THE DATA:
------------------------------------------------

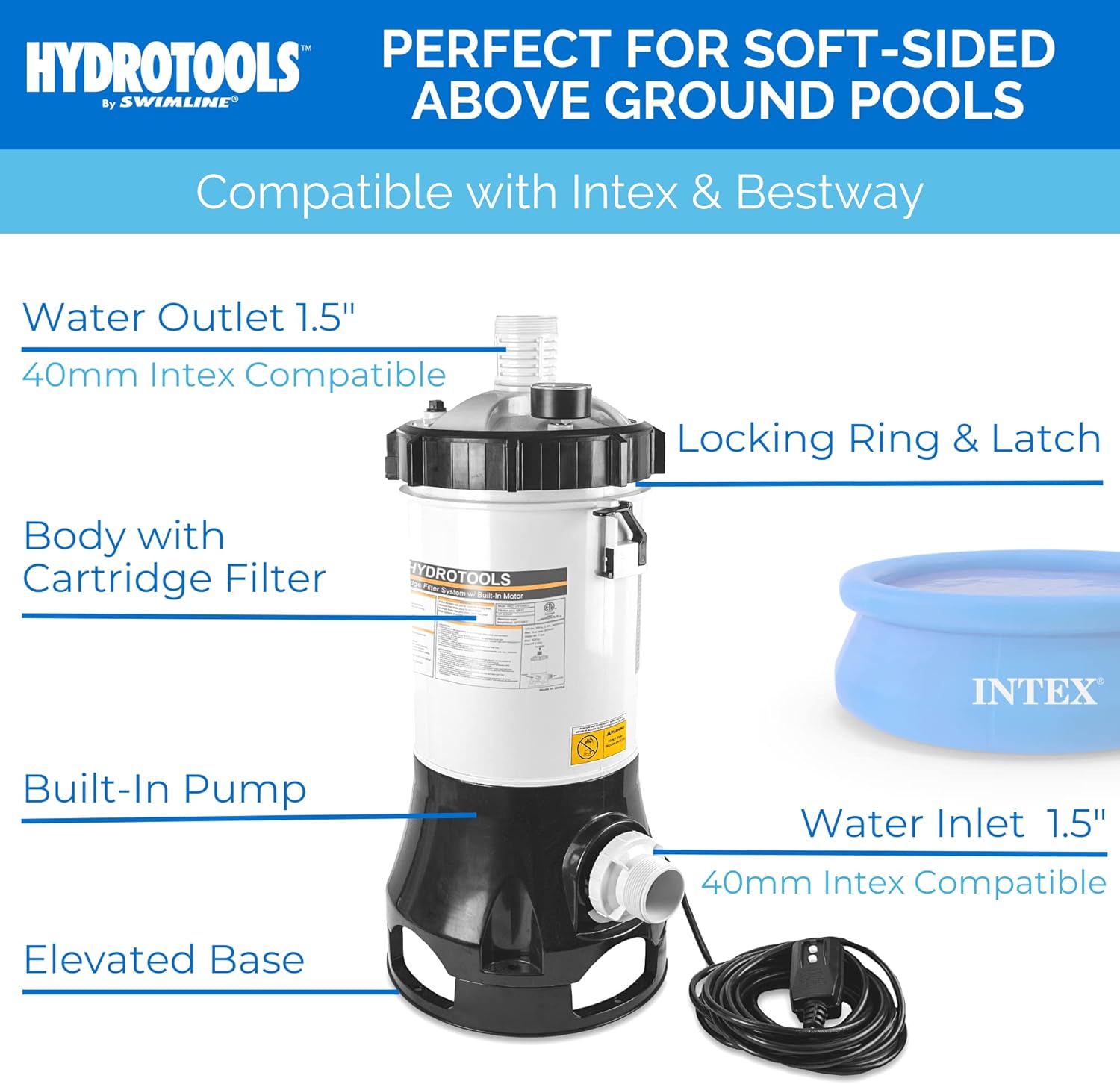 Model 76021 SURE-FLO Above Ground Pool Cartridge Filter System, 1500 GPH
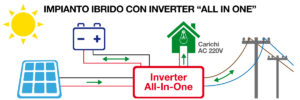 impianto fotovoltaico ibrido con inverter All In One - schema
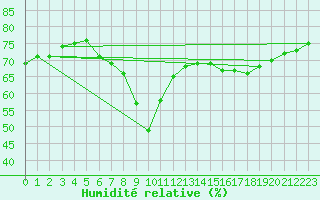 Courbe de l'humidit relative pour Cap Gris-Nez (62)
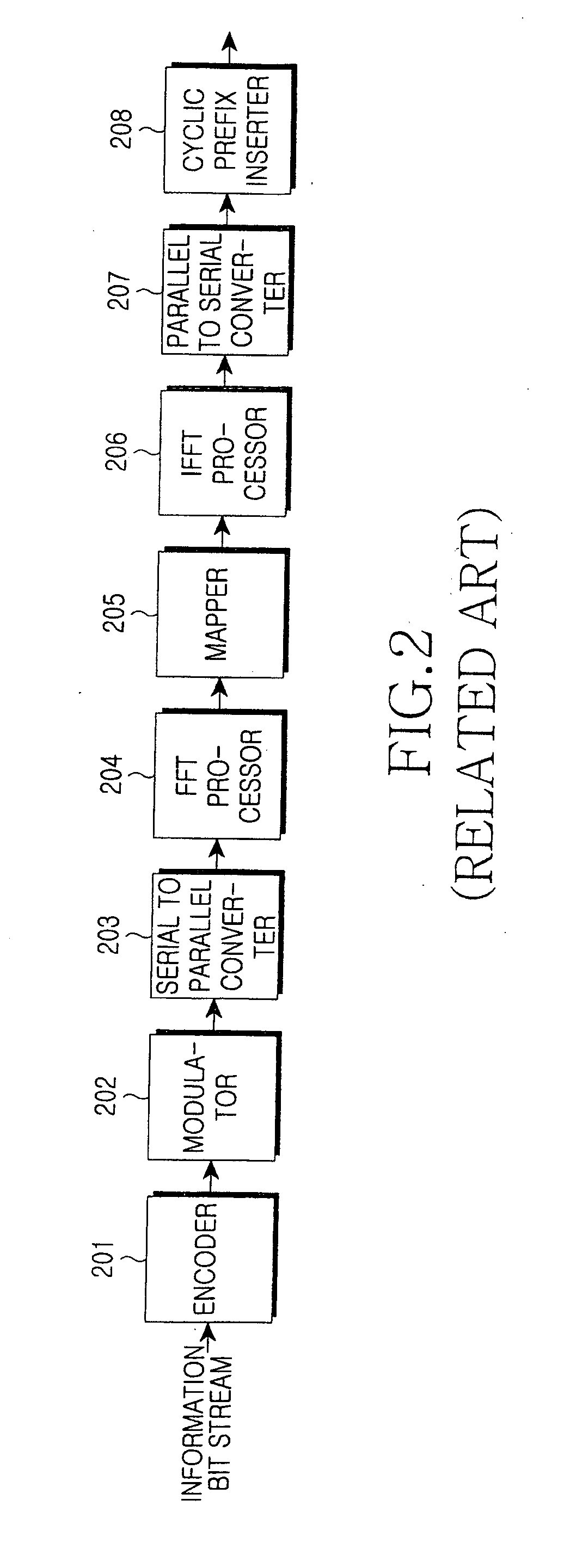 Method and transmission apparatus for allocating resources to transmit uplink packet data in an orthogonal frequency division multiplexing system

------------------------------------------------

WORK REQUIRED: Print out all the material above exactly as it appears, omitting the images.

ANSWER SECTION:
 Model 76021 SURE-FLO Above Ground Pool Cartridge Filter System, 1500 GPH
 impianto fotovoltaico ibrido con inverter All In One - schema
 Courbe de l'humidit relative pour Cap Gris-Nez (62)
 Method and transmission apparatus for allocating resources to transmit uplink packet data in an orthogonal frequency division multiplexing system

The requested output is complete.